普及運算（ubiquitous computing）被視為下一代的電腦運算技術，其願景是讓使用者可以在任何時間、任何地點、透過任何裝置來存取運算環境。近年來，許多研究成果使得普及運算技術有長足的進步。然而，在資源有限的普及網路（ubiquitous networks）中仍然有一些尚待解決或改善的議題。本論文將針對資源有限的普及網路環境來探討三個重要的研究議題，包含路由協定、網路安全、與服務自動化。
首先，我們處理在網路層上如何有效利用能源的議題。由於普及網路中有許多裝置（例如，感測節點與手持式裝置）是以電池供電，因此如何有效利用能源是一個相當重要的議題。在本論文中，所提出的能源比例式路由方法（Energy Proportional Routing，ERP）與封包長度調適方法（Packet Length Adaptation，PLA）可以有效地提升叢聚式無線網路的網路吞吐量與能源使用率。為了平衡負載，EPR 預測並控制所有節點的能源損耗以讓所有節點的能源使用率能夠趨於平均能源使用率。另外，PLA 可以根據雜訊所造成的封包錯誤率來設定最佳的封包長度以提升網路吞吐量與能源使用率。然而，隨著雜訊的增強就如同拉長傳輸距離一樣會造成更多的能源損耗。因此，為了能夠更準確的估算能源損耗，本論文也提出一個將通道雜訊轉換為傳送距離的模型使得在加入通道雜訊的情況下亦能夠有效地提升網路吞吐量與能源使用率。
第二個要探討的議題是普及網路的安全性。由於個人資料可能會透過普及網路來傳送，因此驗證資料的來源與完整性是一項必要的工作。然而，傳統的安全性方法並無法直接套用在以降低能源損耗為重要議題的網路環境上。因此，本論文提出了適用於叢聚式無線網路的認證式入侵預防機制（Authentication-based Intrusion Prevention，AIP）與協同式入侵偵測機制（Collaboration-based Intrusion Detection，CID）。AIP 依據資料重要性、網路頻寬、金鑰雜湊訊息認證碼長度、與金鑰存活期等特性而採用安全性等級不同的認證機制以達到降低能源損耗的目的。然而，AIP 並無法避免被入侵的內部節點所發動的攻擊。因此，CID 藉由網路節點互相監控的方式來進行入侵偵測以在網路安全與能源損耗之間取得平衡。
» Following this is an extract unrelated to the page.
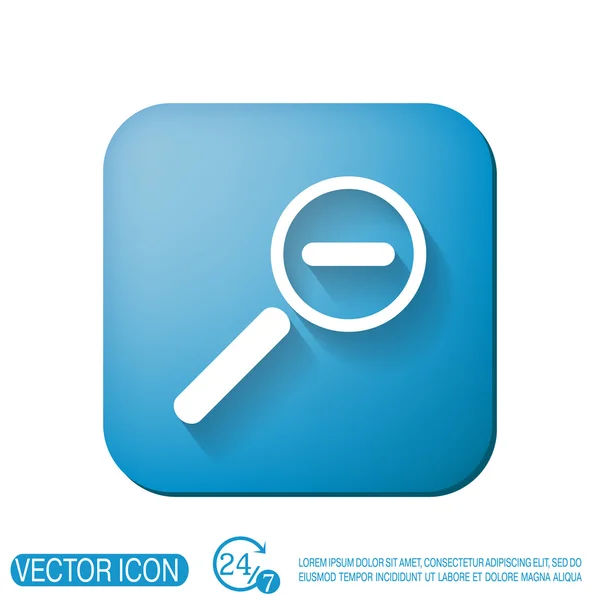 Pictogram met Vergrootglas vermindering — Stockvector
最後要探討的是考量服務品質要求與資源使用率的服務自動化議題。對使用者所要求的普及服務（ubiquitous services）而言，一組適合的裝置應該能夠自動地形成一個小型網路（piconet）以執行這些普及服務而不需要使用者的介入。為了達到此目的，首先我們分別提出了用來描述普及服務與普及網路的數學模型。另外，由於不同的服務型態與使用者對於服務品質的定義有很大的差異，因此多目的效益函數理論（Multiple Objective Utility Theory）被用來量化使用者對於服務品質的滿意度。本論文提出了兩個服務自動化演算法。對於移動式且大型普及網路而言，我們提出了基於解決有類別限制之子圖同構問題（Class Constrained Subgraph Isomorphism Problem）的分散式服務自動化演算法。另一方面，對於固定式且小型普及網路而言，我們則是提出了基於解決多維度多選擇背包問題（Multi-dimension Multi-choice Knapsack Problem）的集中式服務自動化演算法。透過實驗與模擬可以證明本論文所提出的兩個演算法可以在資源有限的普及網路中有效地配置網路資源並取得代表服務品質之系統效益值的近似最佳解。
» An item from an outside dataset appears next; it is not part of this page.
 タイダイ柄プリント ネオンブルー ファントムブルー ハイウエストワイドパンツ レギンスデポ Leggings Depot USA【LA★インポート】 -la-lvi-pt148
Ubiquitous computing (UbiCom) is the next-generation computing technology with the vision: user could access computing environments in an “any time, any where, any device” manner. In the latest decades, the researches on UbiCom have significantly improved to realize digital life. However, there are still several open issues in resource-constrained ubiquitous networks (UbiNet). In this dissertation, we will study three important issues in resource-constrained UbiNet, including routing protocol, network security, and service automation.
First, this work tackles the energy-efficiency issue at the network layer. Energy conservation is truly critical in UbiCom since there are a lot of battery-powered devices (e.g., sensor node, handheld device) in UbiNet. In this dissertation, Energy Proportional Routing (EPR) and Packet Length Adaptation (PLA) are proposed to maximize the throughput and energy utilization in cluster-based wireless networks. To balance the load, EPR algorithm predicts and controls the energy consumption of each node as close as possible to the threshold representing the energy utilization mean value among clusters. In addition, PLA is derived and developed to optimize the throughput and energy utilization in wireless networks. However, more noise introduces more energy consumption since the noise is equivalently regarded as lengthening of transmission distances. Thus, a noise-referred distance model of wireless channels is also developed for more accurate estimation of the dissipated proportion in the residual energy so that further improvement of throughput and energy utilization is obtained.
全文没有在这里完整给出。